しかし「人に伝えるためにドーナツの絵を描く」となると、多くの方が思い描くのは、穴の空いたドーナツなのではないでしょうか。
だとしますと、それだけドーナツは穴の空いたものであるという認識は一般的なのかと思います。
それでは
ドーナツは穴の空いたものである
と定義してみますと、
ドーナツは穴があるからドーナツなのだ。
ということになります。
穴は空間であり、実体が無いのですが、
これが「ある」というのは、
まるでアウトドア般若心経のように
「空(くう)」が有る
と類似しています。
実体の無いアイデンティティ
実体の無い空間があるからがゆえ、ドーナツとしてのアイデンティティが保たれる。
それではドーナツたらしめている穴だけを食べるということが出来れば、
残った物はもはやドーナツでは無くなるのですね。
しかし、穴だけを食べることは出来ないですね。
そんなことを思っているとなんだか
萩原朔太郎の「死なない蛸」が思い浮かびました。
不思議な話なのですが引き込まれていた学生の頃の思い出が蘇ります。
それではドーナツの穴だけを残すことが出来るでしょうか。
ドーナツを穴だけ残して食べる方法
なんとも興味深いタイトルの本があります。
あらゆる分野のエキスパート(研究者)が、
ドーナツを穴だけ残して食べる
という命題に対して様々な切り口から論じている実に希有な書です。
人間はドーナツである
人間のカラダには、口から肛門までに胃や腸がありますが、ひっくるめて考えると1本の消化管が通っている(貫通している)といえます。

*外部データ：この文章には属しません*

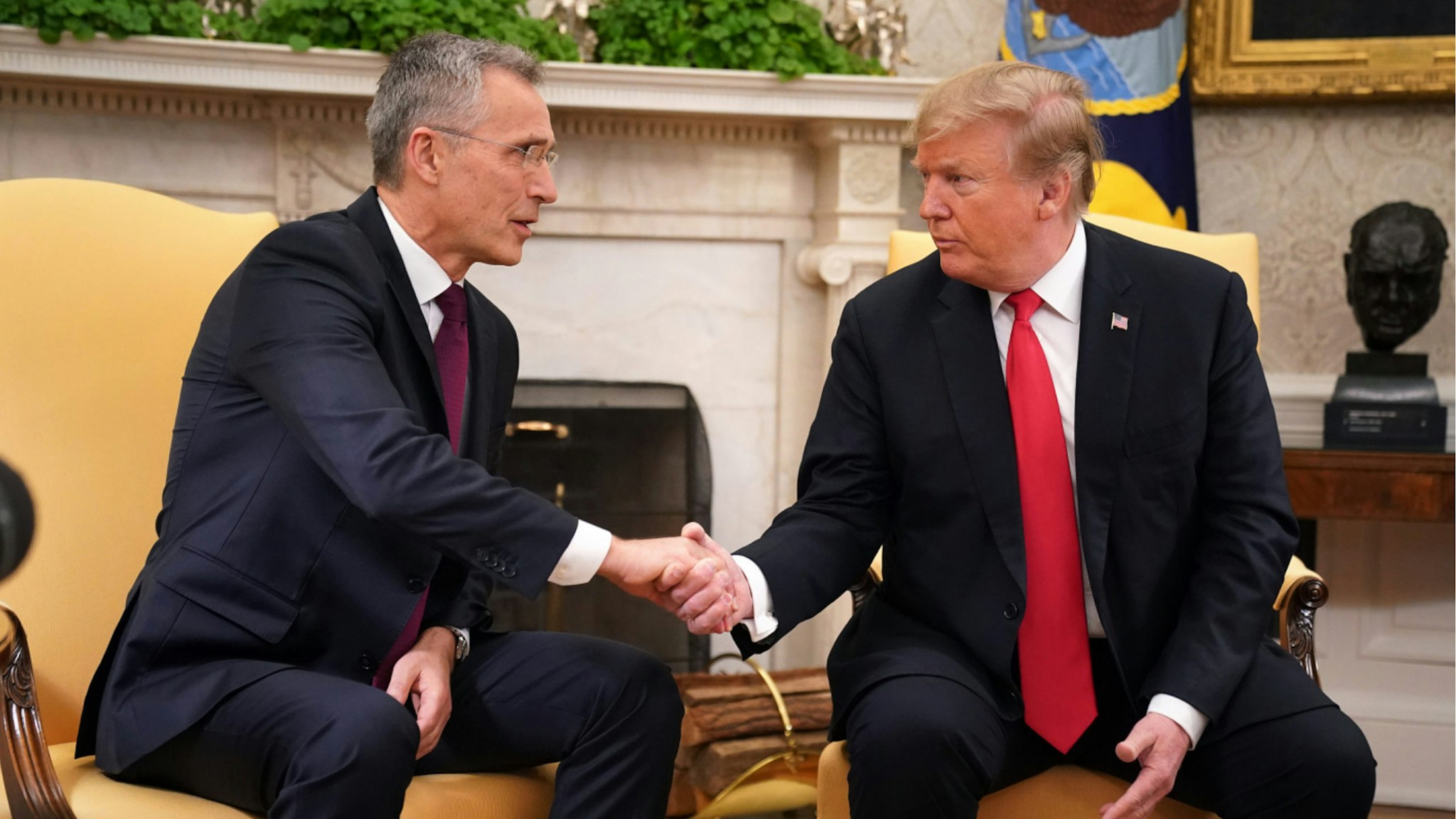 NATO Secretary General Jens Stoltenberg (L) and U.S. President Donald Trump shake hands in the Oval Office at the White House April 02, 2019 in Washington, DC.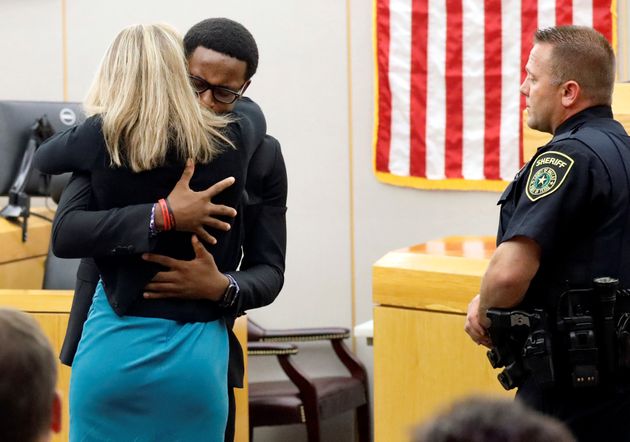 Botham Jean's younger brother Brandt Jean hugs former Dallas police officer Amber Guyger after delivering his impact statement to her following her 10-year prison sentence for murder at the Frank Crowley Courts Building in Dallas, Texas, U.S. October 2, 2019.  Tom Fox/Pool via REUTERS MANDATORY CREDIT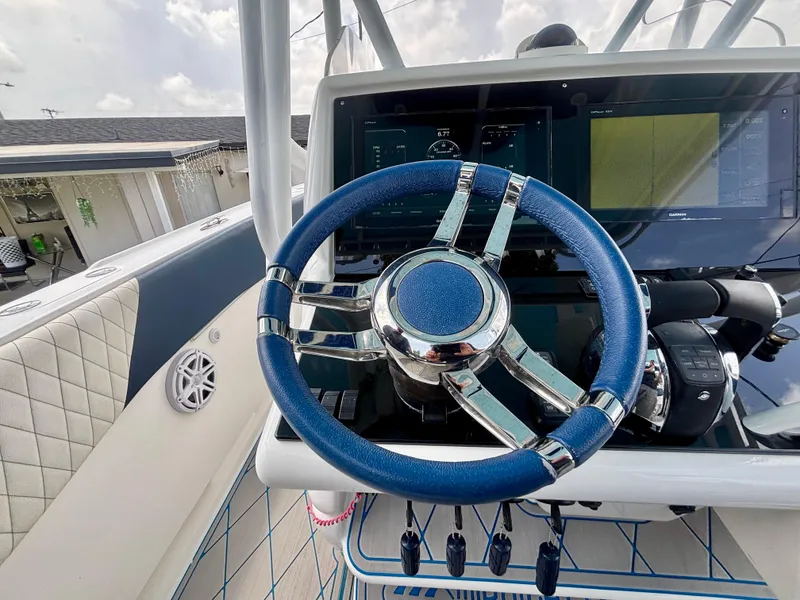 Slide: The Image of Steering wheel and dashboard of 2007 Midnight Express 39 Cuddy boat. - 24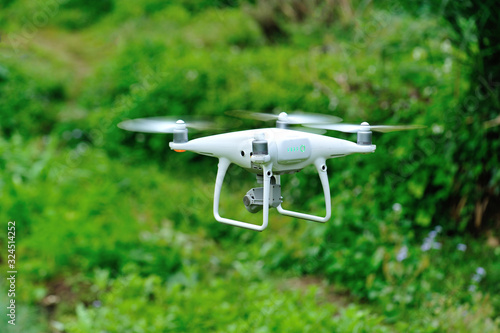 White drone with camera flying in the spring countryside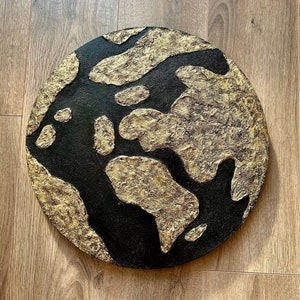 Handmade Textured Art Painting made with texture paste, gold and black acrylic paint, on a stretched round canvas. Diameter is 40 cm.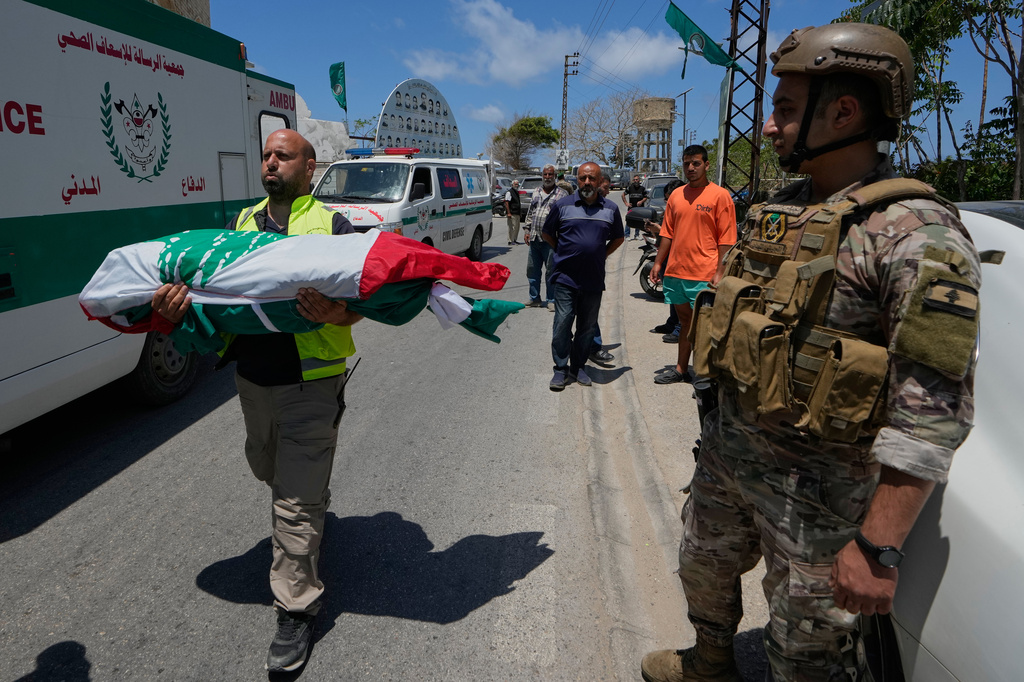 A paramedic volunteer carries a body, one of the six the family members who were killed on Wednesday when their car was struck in an Israeli airstrike on a highway as they fled their village, during a funeral procession in the southern port city of Tyre, Lebanon, Friday, May 29, 2026. (AP Photo/Mohammed Zaatari)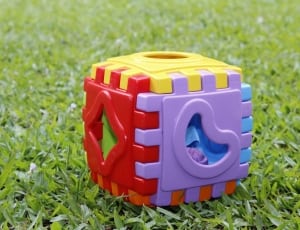 children's red yellow purple blue and orange cube puzzle thumbnail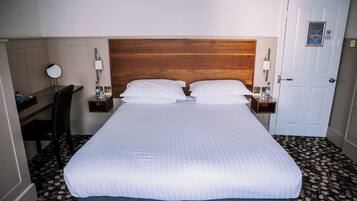 Una habitación de hotel con cama, mesitas de noche, escritorio, silla y puerta.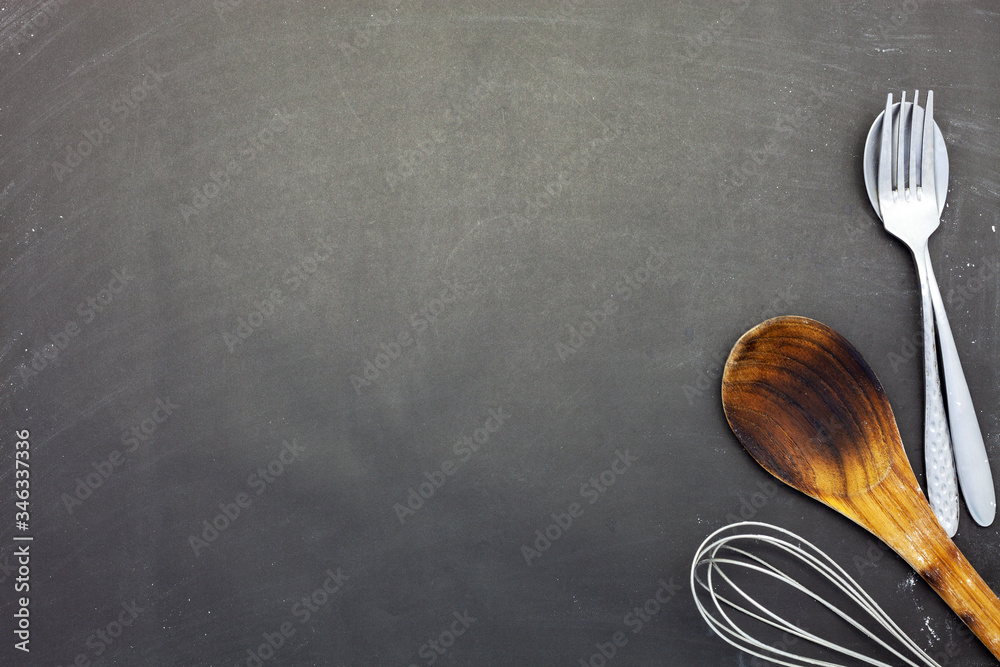 Stainless steel spoon and fork on black wood or chalkboard background.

よって見方によっては、人間はドーナツであるといえるかもしれません。
お腹が痛いと、例えば、胃や腸を痛めたとき、私たちは体の中が痛いと感じるのですが、
消化管は体の外か内かといえば、「外」ということが解剖学的にはいえるのです。
だとすると胃もたれで胃(胃壁)の表面が荒れているというのは、体の外側が傷ついている、つまり膝を擦りむいたのと同じということになるのですね。
なにをさっきから屁理屈ばかりこねているんだ。
と仰りたい方。
そうです、屁理屈です。
ここまでお付き合い下さって感謝申し上げます。
後生ですからあと少しお付き合い下さい。
人間がドーナツなら、人間のアイデンティティは、消化管として体に通っている空間、つまり穴によってあるのだろうか。
穴があって、そこを食べ物が通り、栄養や水分などが体の「内」へと吸収される。
必要ない物は体外へ排泄物として放出される。
この営みが出来なくなったら人間として生きて行かれない。
すると人間の体を突き通す穴は人間たらしめる穴である。
といえる。
あとがきなんて大層なものではないですが…
やはりドーナツの穴は必要なのです。
食べられない穴なんて要らないよ、なんて冷たいこといわないであげてください。
え、誰もいっていない?
ここまで読んで下さった方、
申し訳ございません。
今日はこのようなカタチになってしまいました。